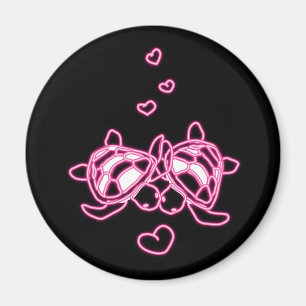 Imán de neón de las tortugas del amor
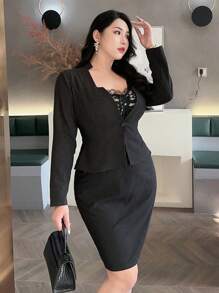 Dazy Plus 2pcs/Set Striped Long Sleeve Blazer Style Top And Short Pencil Skirt Commuter Work Outfit - Black - View 7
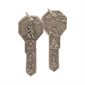 Key Ring, Oxidized Key-Shaped Medal, 4 Subjects  /  ea
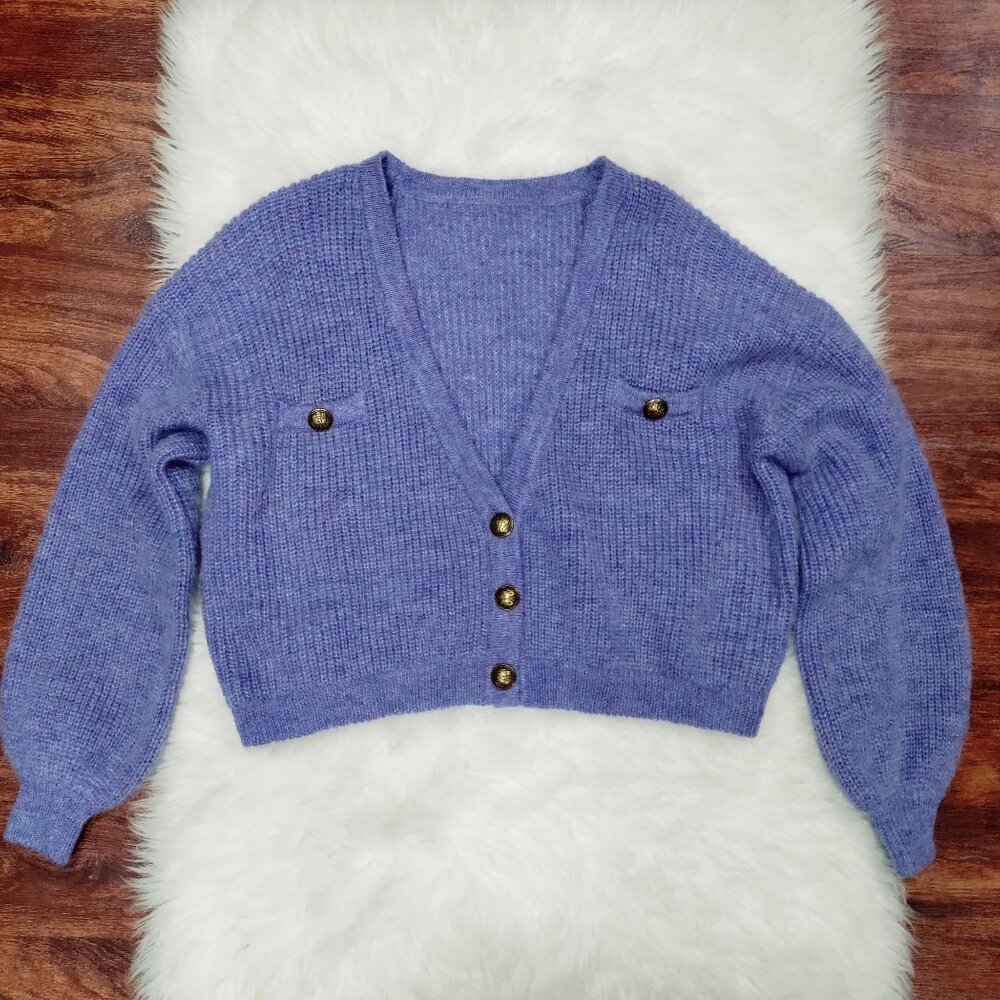 J. Inc Purple Wool Blend Knit V-Neck Button Front Cropped Cardigan Sweater Small - Picture 2 of 10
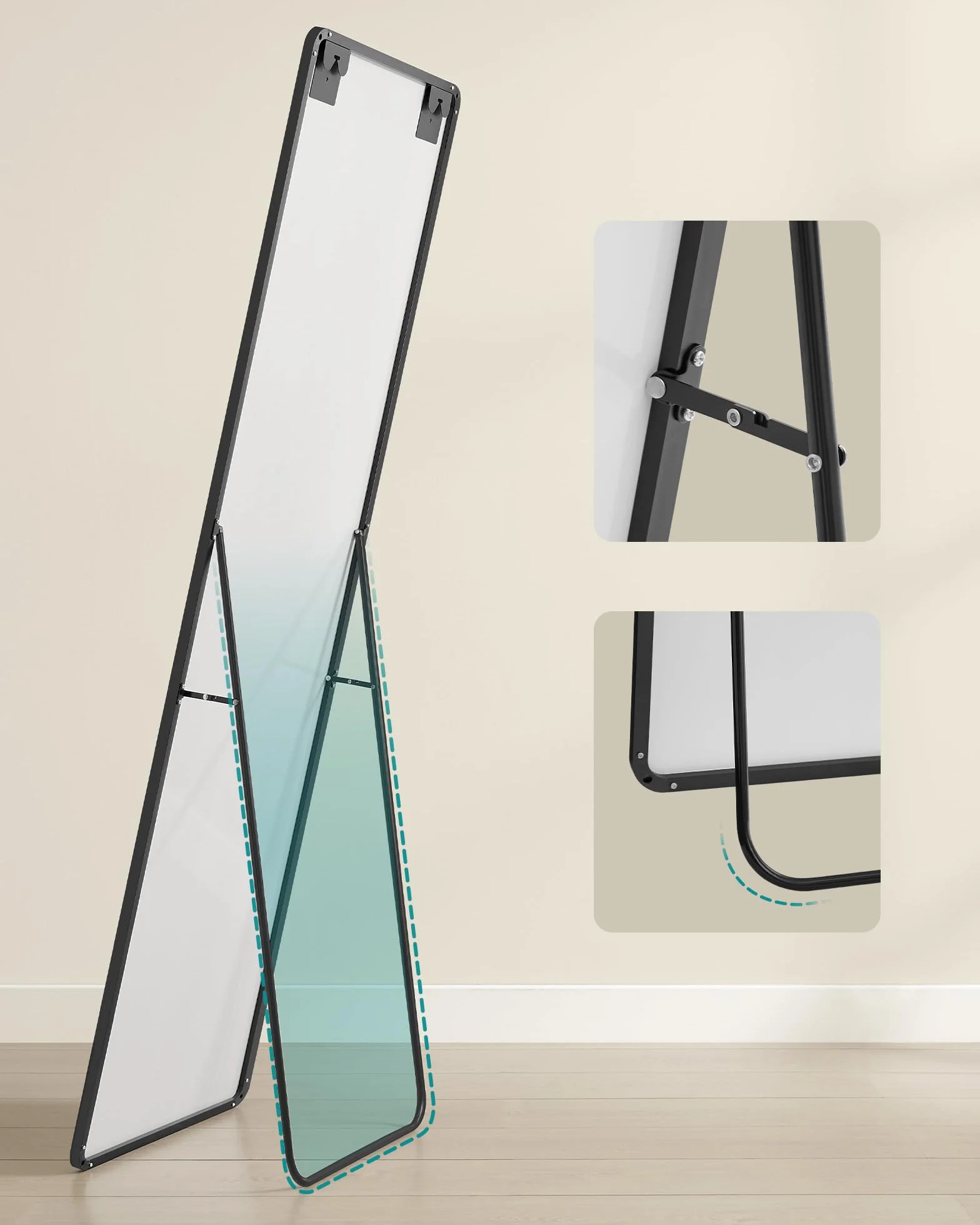 SONGMICS Pełne lustro 160x50cm Prostokątne lustro stojące Rama ze stopu aluminium Szkło hartowane do sypialni Salon Szafa Atrament Czarny LFM030B01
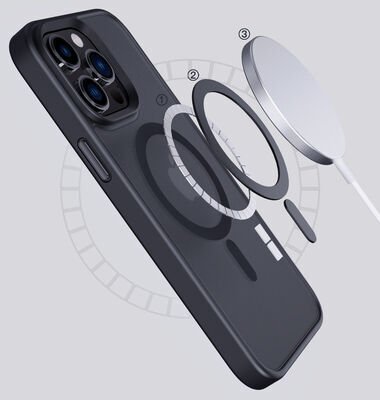 Apple iPhone 14 Pro Max Kılıf Wireless Şarj Özellikli Patinda Hibrit Magsafe Kapak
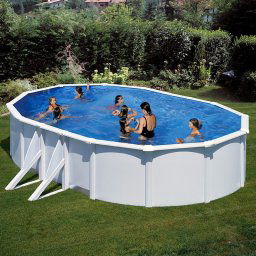 Piscina Gre Bora Bora ovalada acero chapa blanca - 500 x 300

* * * * * * *

• [How to complete this task]: Go to the line with "Apple iPhone 14" in the entries above. Reproduce that line and each one after it to the end, exactly and without the pictures.

• [Reply]:
 Apple iPhone 14 Pro Max Kılıf Wireless Şarj Özellikli Patinda Hibrit Magsafe Kapak
 Piscina Gre Bora Bora ovalada acero chapa blanca - 500 x 300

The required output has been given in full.